The response should repeat word for word every line below from the one with "三重法拍公寓_三和夜市商圈-5" to the one with "INVU polarizált női napszemüveg B2230 C", inclusive, and nothing else; leave pictures out.

[DATASET RECORDS — start]

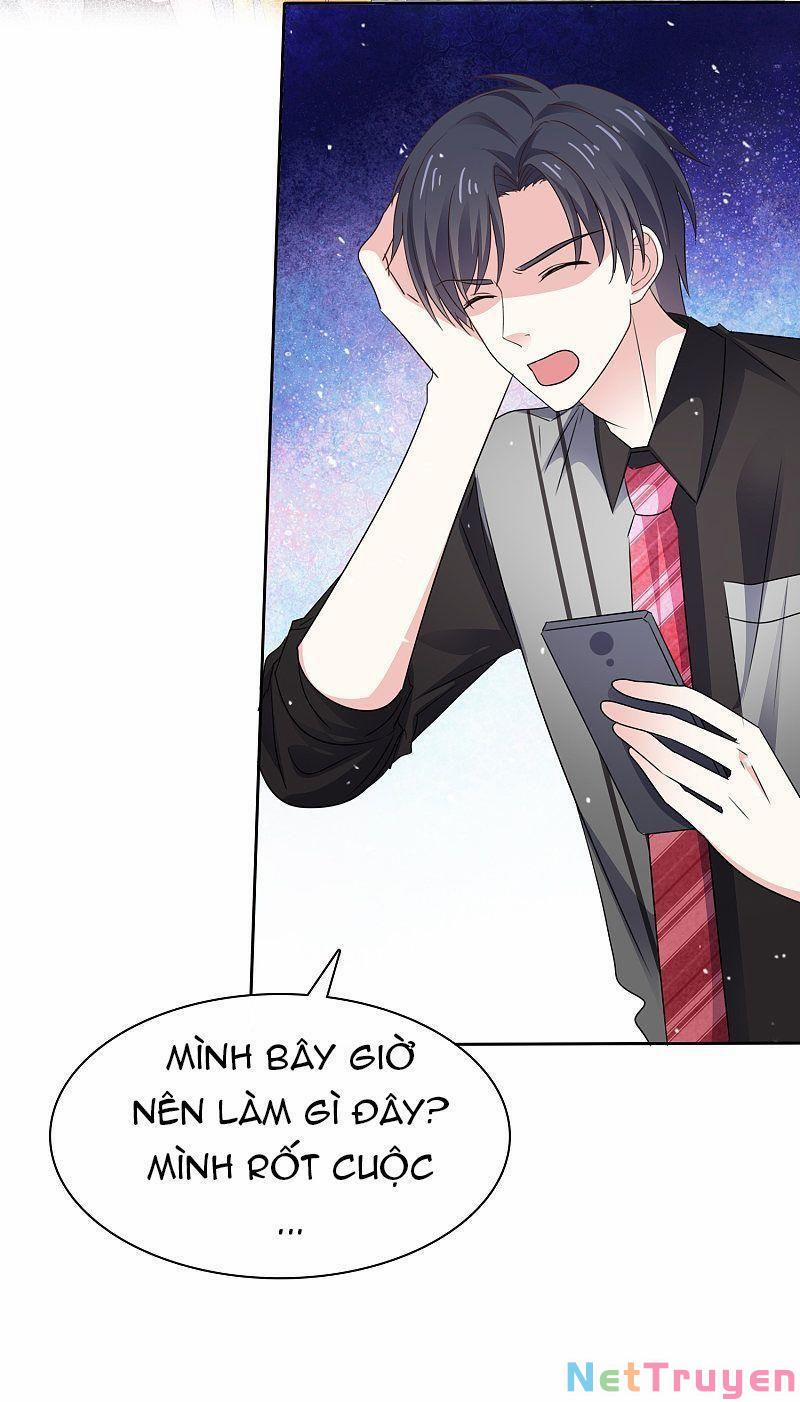 Bồn Nhiên Tinh Động 83 trang 18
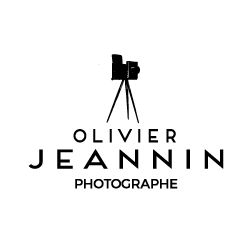 Olivier Jeannin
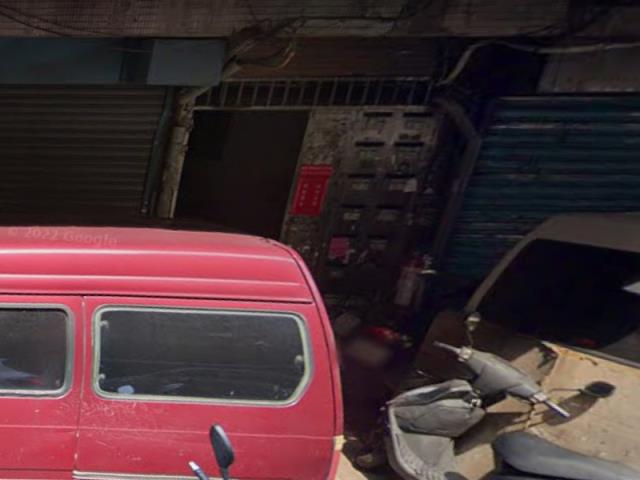 三重法拍公寓_三和夜市商圈-5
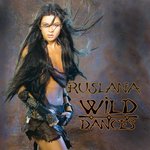 Обложка трека Wild Dances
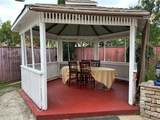 19301 Saffron Drive - Photo 41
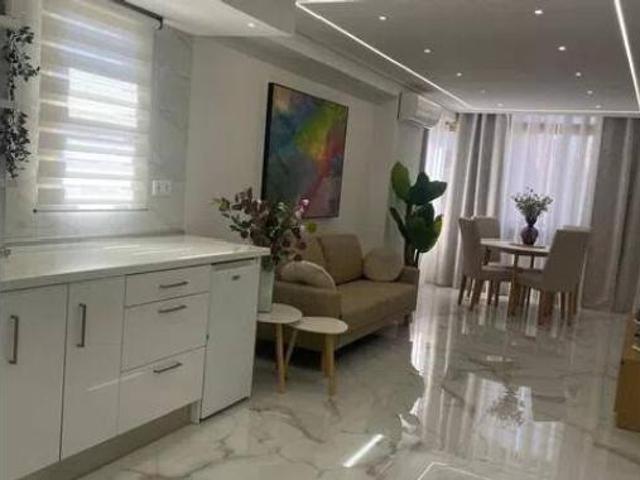 Piso Venta Benidorm, Racó de l'Oix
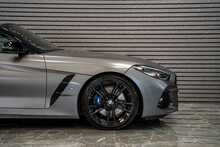 BMW Z4 M40i - U55987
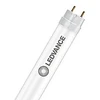 Ledvance 19,3/23,1W LED lempa T8 EM PERFORMANCE 1500mm, 3000K, 190°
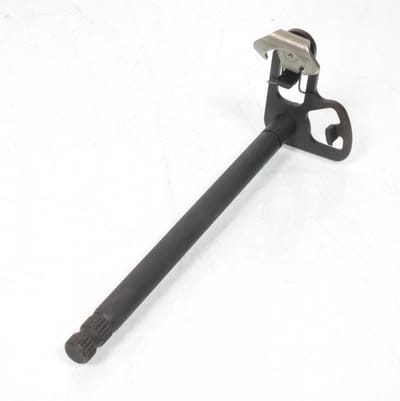 Axe de sélecteur origine pour Auto 1A0043546 Neuf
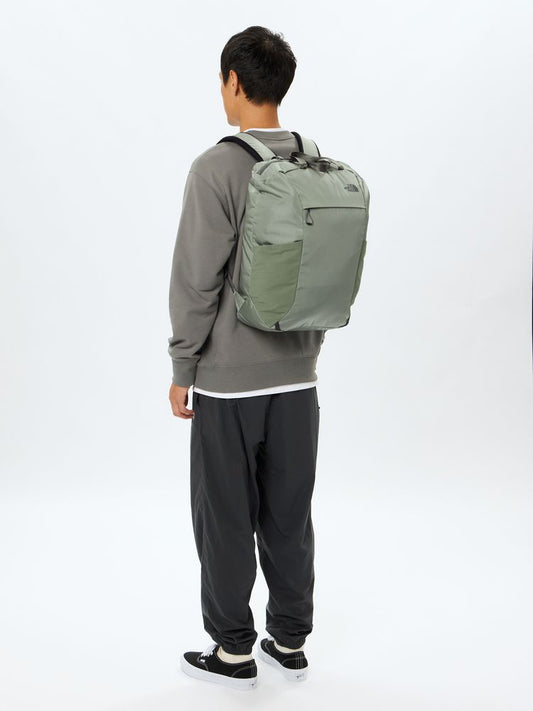TNF adult backpack series (directly shipped from Japan) and other brands 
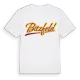 Bitzfeld baseball t-shirt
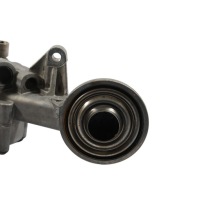 фото thumb №12, Audi s4 b8 s5 8t 3.0 tfsi caka насос масла 06e115105ad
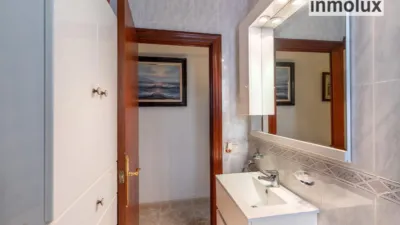 Apartment in Plaza del Sol photo 12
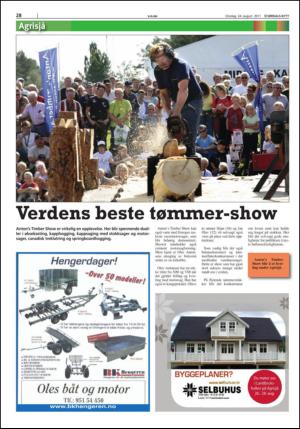 stjordalsnytt-20110824_000_00_00_028.pdf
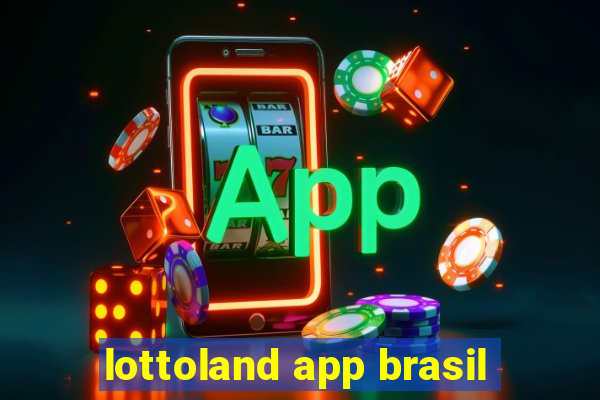 lottoland app brasil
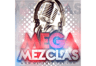 Radio Megamezclas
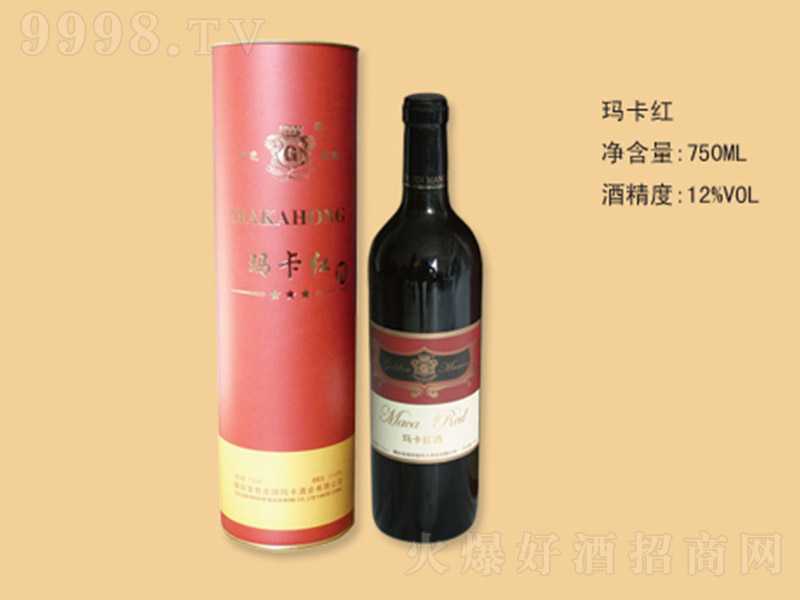 �����t���Ѿơ�12�� 750ml��-�t�����Ϣ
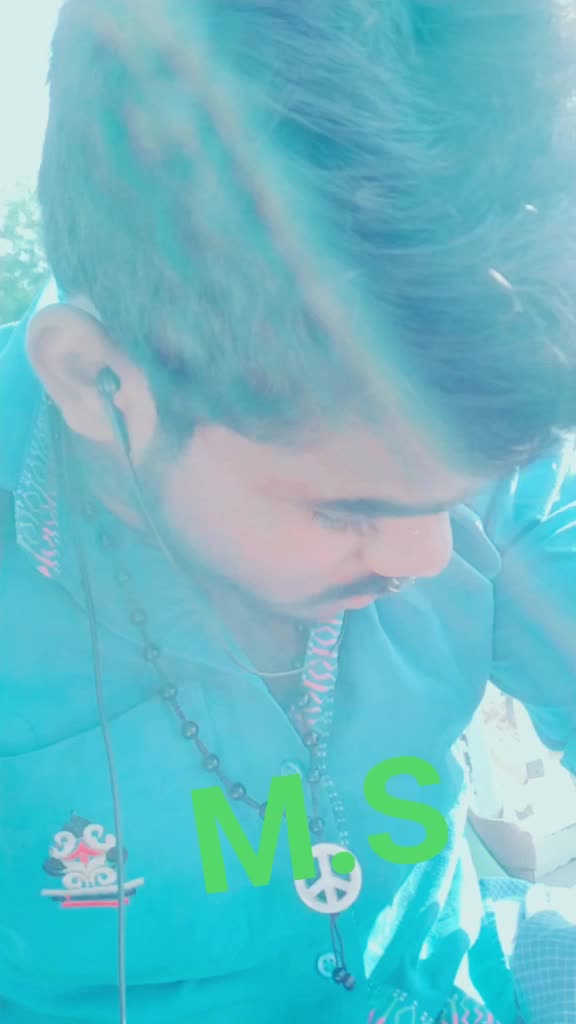 @@\K.Mari Raj 8489402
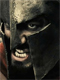 Pontius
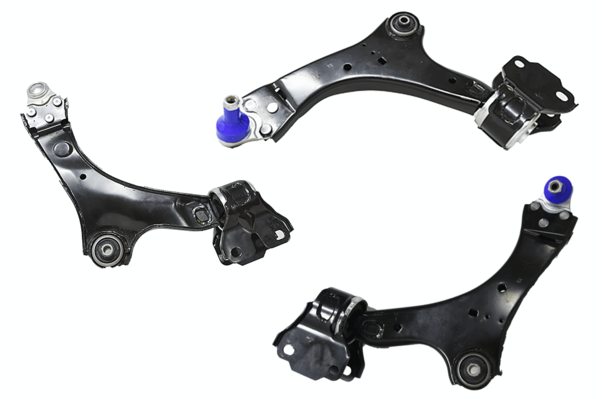 NEW LEFT FRONT LOWER CONTROL ARM FOR LAND ROVER FREELANDER 06/2007-2015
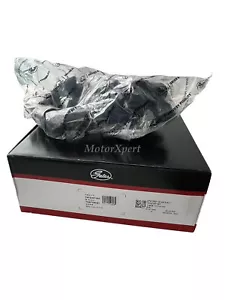Coolant Thermostat Housing Assembly for Mercedes GLC300 SLK300 A2742000715 Gates - Picture 1 of 5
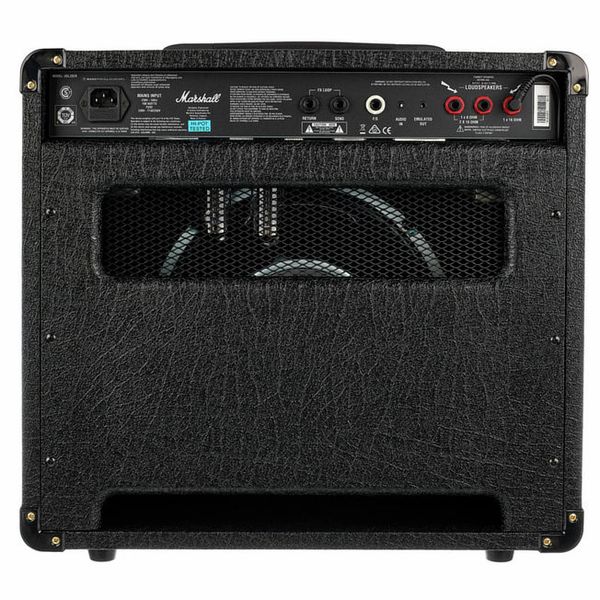 Marshall DSL20CR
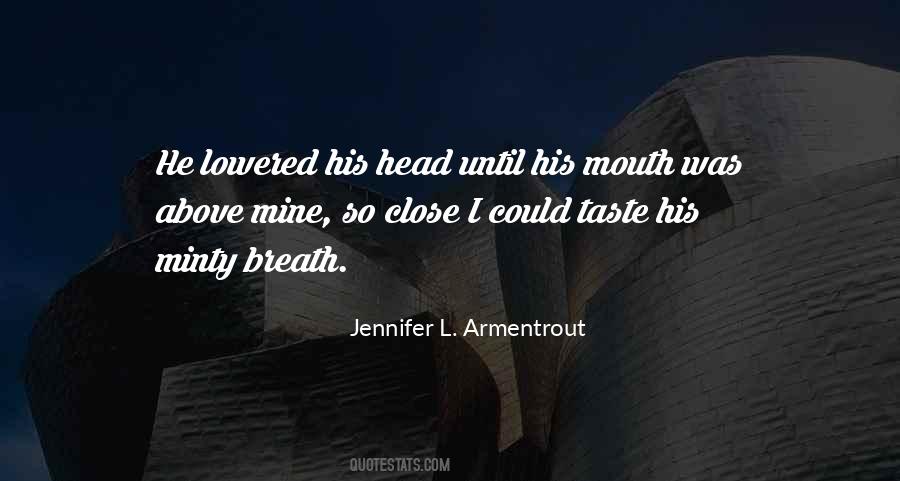 Great Sage Sayings #1578703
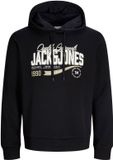 Jack & Jones Hoodie Hoodie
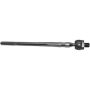 SUSPENSIA X32TR2651 Inner Tie Rod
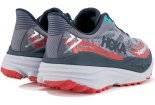 Hoka One One Stinson 7 W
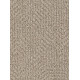 ARIO - Adobe Beige 00754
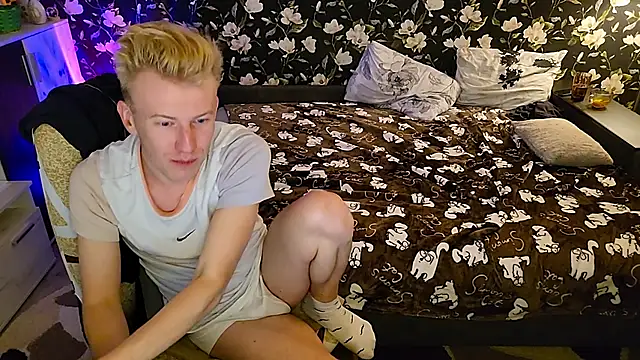 Vuitton webcam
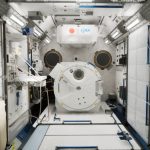 iss-kibou-20241225-323267-header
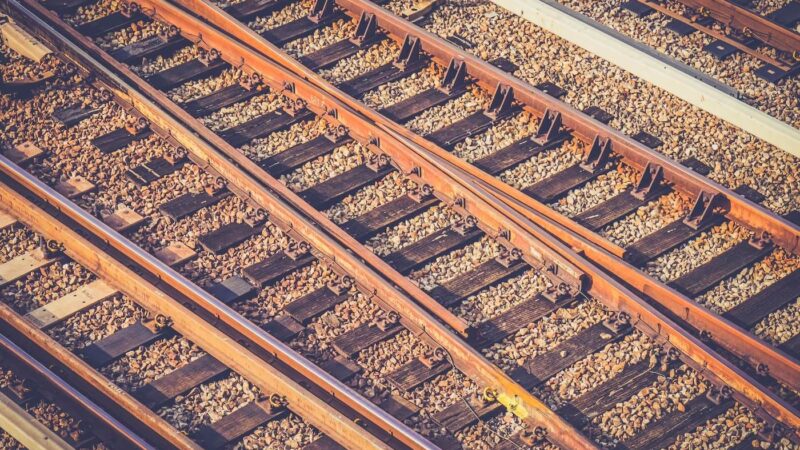 Guidance on General Duties and Obligations of a Director of a UK Company - featrured image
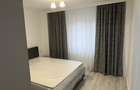 Apartament de vanzare - 3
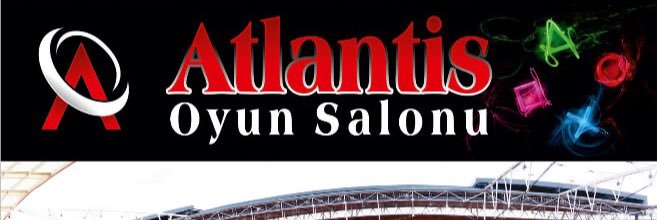AtlantisDau's profile banner image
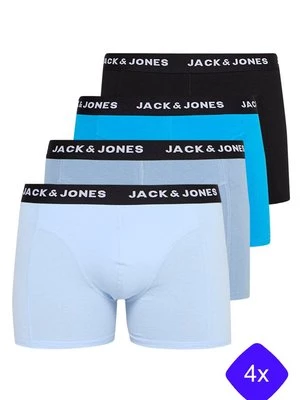 Obrázek produktu Boxerky jack & jones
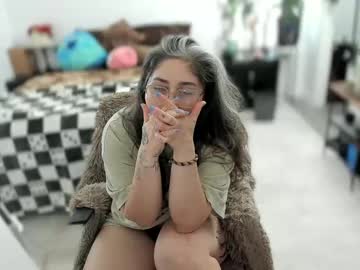alix_valentine — 2025-09-22 00:20 alix_valentine — 2025-09-22 00:20
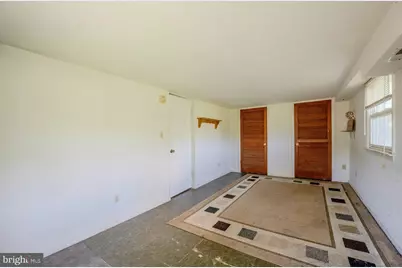 35339 Appalachian Trail Road, Round Hill, VA 20141 - Photo 25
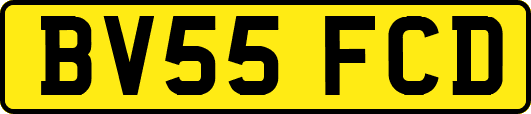 BV55FCD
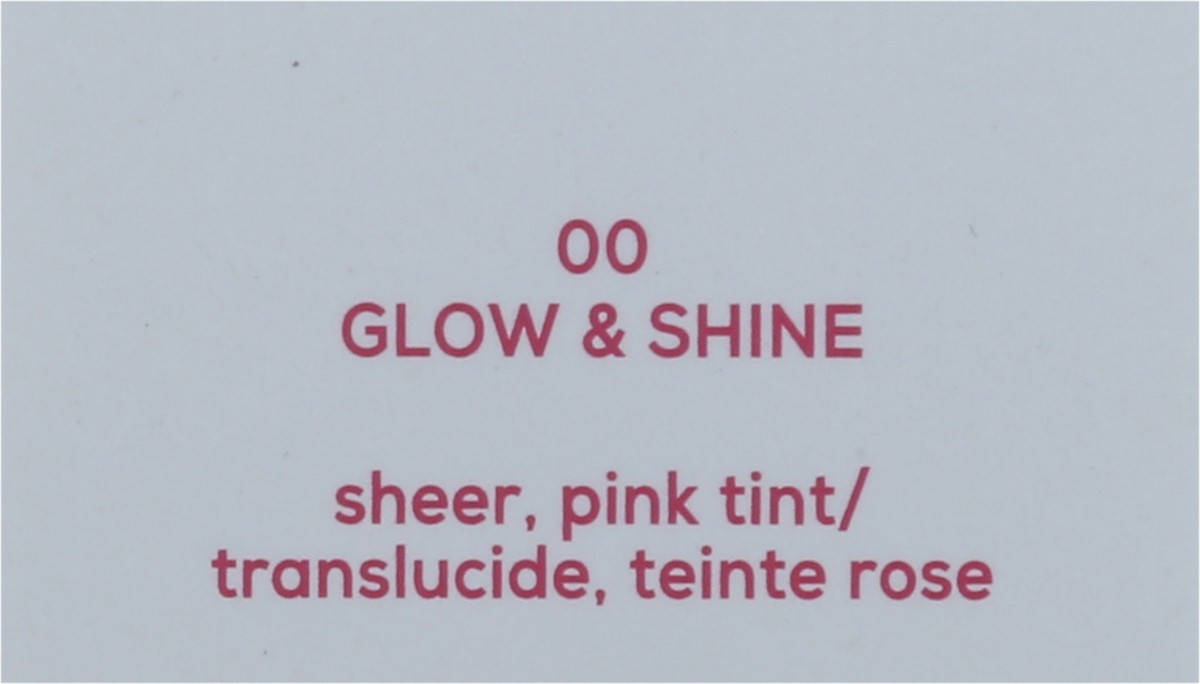 slide 12 of 13, essie Hard to Resist Nail Strengthener 0.46 fl oz, 0.46 fl oz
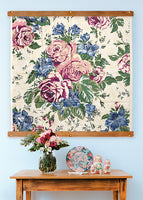Virginia's Bouquet
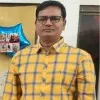 Arvind Singh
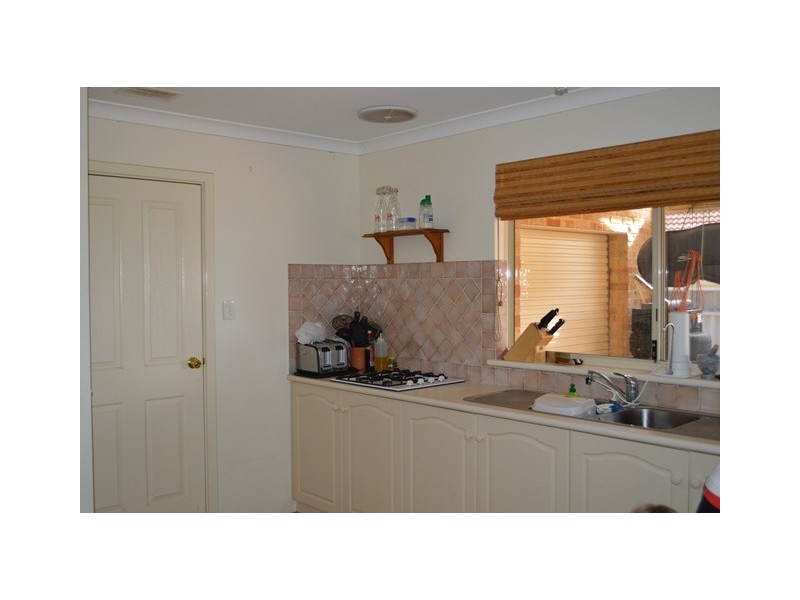 13 Nautical Lookout, Drummond Cove WA 6532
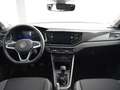 Volkswagen Taigo 1.0 TSI Style 85kW Blanco - thumbnail 4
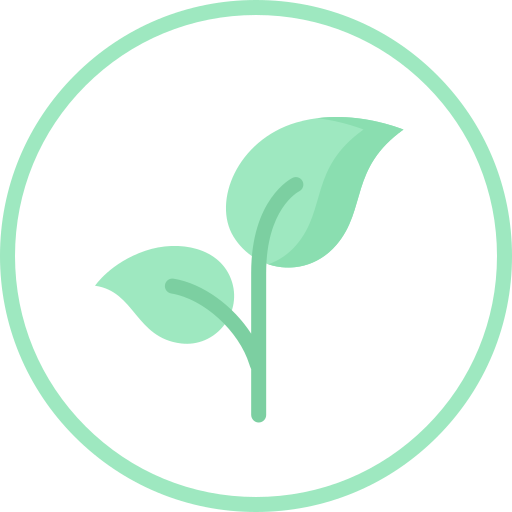 Leaf Logo - Free Vectors & PSDs to Download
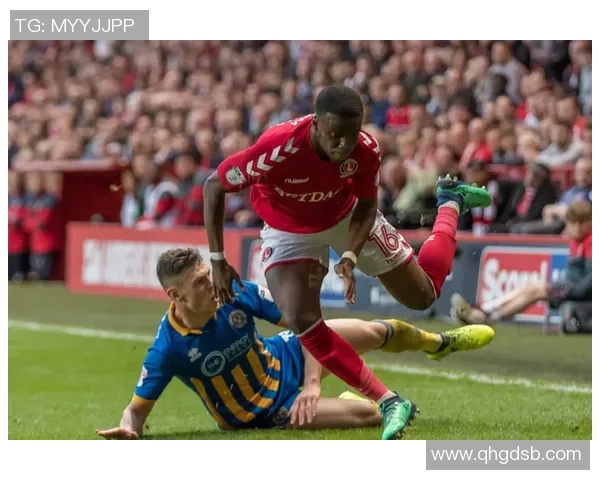 雷丁与女王公园巡游者比赛前瞻分析及胜负预测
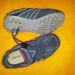 Geox, obuti enkrat, št. 30- 30 Eur-PRODANO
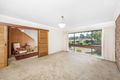 Property photo of 14 Eucumbene Drive Duffy ACT 2611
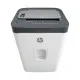 Paper Shredder HP ONESHRED Auto 200cc 28 L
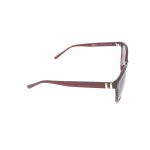 INVU polarizált női napszemüveg B2230 C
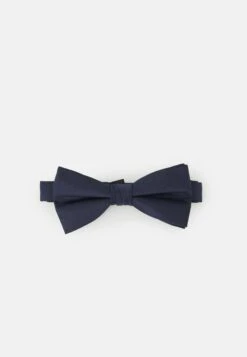 Jack & Jones Jacsolid Bowtie UnisexPapillonNavy Blazer Uomo Completi E Cravatte JA254S007-K12
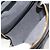 LOUIS VUITTON Epi Mabillon Backpack Black M52232 LV - vista 10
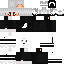 Texture for Skin shinoda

[DATASET RECORDS — finish]

**RESULT:**
 三重法拍公寓_三和夜市商圈-5
 Обложка трека Wild Dances
 19301 Saffron Drive - Photo 41
 Piso Venta Benidorm, Racó de l'Oix
 BMW Z4 M40i - U55987
 Ledvance 19,3/23,1W LED lempa T8 EM PERFORMANCE 1500mm, 3000K, 190°
 Axe de sélecteur origine pour Auto 1A0043546 Neuf
TNF adult backpack series (directly shipped from Japan) and other brands 
 Bitzfeld baseball t-shirt
 фото thumb №12, Audi s4 b8 s5 8t 3.0 tfsi caka насос масла 06e115105ad
 Apartment in Plaza del Sol photo 12
 stjordalsnytt-20110824_000_00_00_028.pdf
 lottoland app brasil
 Radio Megamezclas
 �����t���Ѿơ�12�� 750ml��-�t�����Ϣ
 @@\K.Mari Raj 8489402
 Pontius
 NEW LEFT FRONT LOWER CONTROL ARM FOR LAND ROVER FREELANDER 06/2007-2015
Coolant Thermostat Housing Assembly for Mercedes GLC300 SLK300 A2742000715 Gates - Picture 1 of 5
 Marshall DSL20CR
 Great Sage Sayings #1578703
 Jack & Jones Hoodie Hoodie
 SUSPENSIA X32TR2651 Inner Tie Rod
 Hoka One One Stinson 7 W
 ARIO - Adobe Beige 00754
 Vuitton webcam
 iss-kibou-20241225-323267-header
 Guidance on General Duties and Obligations of a Director of a UK Company - featrured image
 Apartament de vanzare - 3
AtlantisDau's profile banner image
 Obrázek produktu Boxerky jack & jones
alix_valentine — 2025-09-22 00:20 alix_valentine — 2025-09-22 00:20
 35339 Appalachian Trail Road, Round Hill, VA 20141 - Photo 25
 BV55FCD
 slide 12 of 13, essie Hard to Resist Nail Strengthener 0.46 fl oz, 0.46 fl oz
Virginia's Bouquet
 Arvind Singh
 13 Nautical Lookout, Drummond Cove WA 6532
 Volkswagen Taigo 1.0 TSI Style 85kW Blanco - thumbnail 4
 Leaf Logo - Free Vectors & PSDs to Download
 雷丁与女王公园巡游者比赛前瞻分析及胜负预测
 Geox, obuti enkrat, št. 30- 30 Eur-PRODANO
 Property photo of 14 Eucumbene Drive Duffy ACT 2611
 Paper Shredder HP ONESHRED Auto 200cc 28 L
 INVU polarizált női napszemüveg B2230 C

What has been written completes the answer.